All of the listing, from first line to last, should be output exactly; the pictures stay out.

■ **RECORDED DATA**:
++++

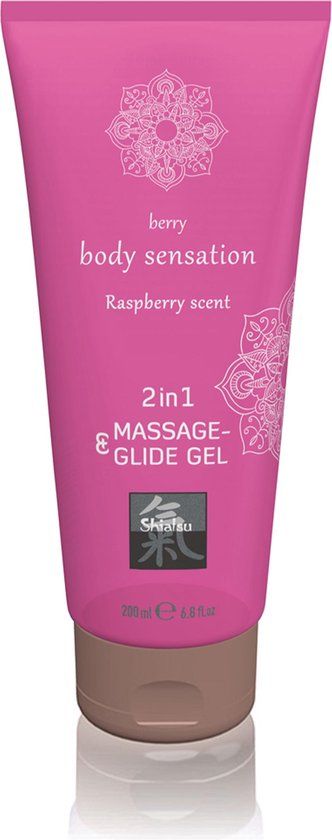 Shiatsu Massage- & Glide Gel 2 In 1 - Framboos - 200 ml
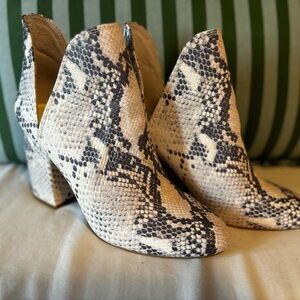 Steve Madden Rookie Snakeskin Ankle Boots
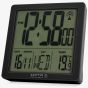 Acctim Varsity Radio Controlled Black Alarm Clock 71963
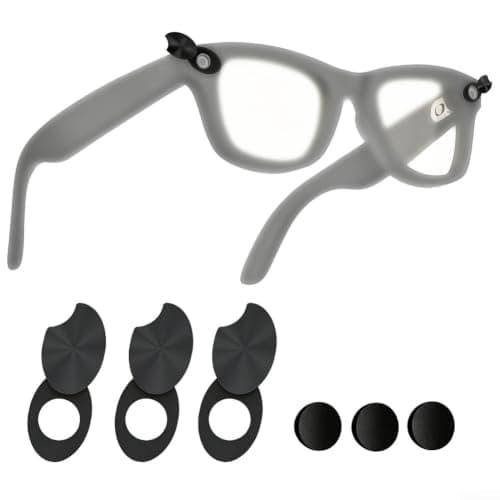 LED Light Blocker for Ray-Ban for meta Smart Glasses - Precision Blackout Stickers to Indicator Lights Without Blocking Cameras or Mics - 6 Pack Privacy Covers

++++

■ **OUTPUT OF THE TASK**:
 Shiatsu Massage- & Glide Gel 2 In 1 - Framboos - 200 ml
 Steve Madden Rookie Snakeskin Ankle Boots
 Acctim Varsity Radio Controlled Black Alarm Clock 71963
 LED Light Blocker for Ray-Ban for meta Smart Glasses - Precision Blackout Stickers to Indicator Lights Without Blocking Cameras or Mics - 6 Pack Privacy Covers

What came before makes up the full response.